I honestly had no idea where I was going. There were constant announcements saying “Rashidiya” train on platform 1 going to Rashidiya”, and “Al Raya train on platform 2 going to Al Raya.” Hearing those two alternating messages was of no help, but I found a train timetable on the wall. They come every three minutes in each direction. That was impressive – where I come from they only come every half hour. I then realised I needed the Al Raya train.

Now I had to work out where to catch the train. There were apparently two classes of ticket. I had bought a standard – or lower class ticket. The area next to the bottom of the escalator was for the higher class tickets. I went further back along the platform just as the train pulled in.

The driverless train arrived and the doors of both the train and station opened. I entered with a couple of other people and found a seat. Then the train pulled out. It reminded me of the trains that take you between the terminals of Changi airport in Singapore. It wasn’t an old heavy train like we have in Australasia, but a light purpose built passenger train. It stopped at a couple more underground stations which I had no idea of the name of before it suddenly broke the surface. Amazingly the train had already gone under the Dubai Creek and surfaced out on the other side.

The train followed the main highway rising to about eight metres above the road. From there I could see the impressive buildings on this side out the window towering to amazing heights. The train was a little crowded, but then again this was coming into peak hour.
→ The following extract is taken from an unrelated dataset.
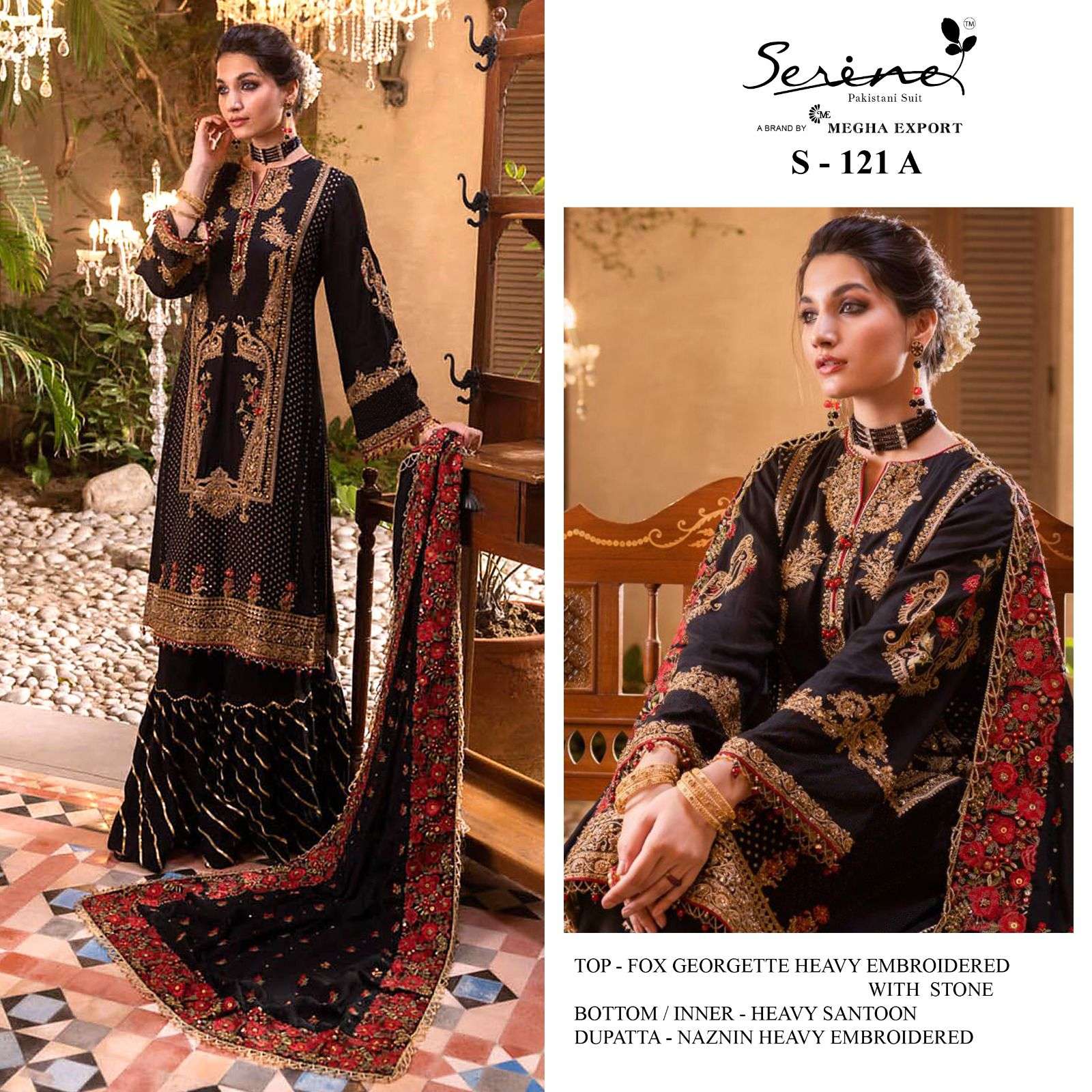 S-121 A HIT DESIGN BY SERENE FAUX GEORGETTE EMBRODERY PAKISTANI DRESS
There wasn’t much of a view out the other side of the train, but not because the train window were small, but the buildings were so enormous – especially the Burj Khalifa which I only saw the bottom of. I made a mental note to take a seat on the other side when I come back. Anyway the sun was too low in the sky on that side to make a good picture.

I stood out like a sore thumb. Clearly I was the only tourist on board. Everyone else on the train appeared to be locals heading to work. I imagined the equivalent back home - someone from the Middle East with a giant camera travelling on public transport during morning peak hour. I’m sure they would get a funny look, and I was sure people thought strange of a tourist being on their train.

Railway station
Railway station

The train line had some really cool station names. Most of them were Arabic names, but there were some like “IT City”, which I assumed was nerd heaven where all the geeks of the Middle East congregate to work in various IT projects. This certainly did look like an IT area with very square glassy buildings towering over green landscaped parks surrounding small lakes.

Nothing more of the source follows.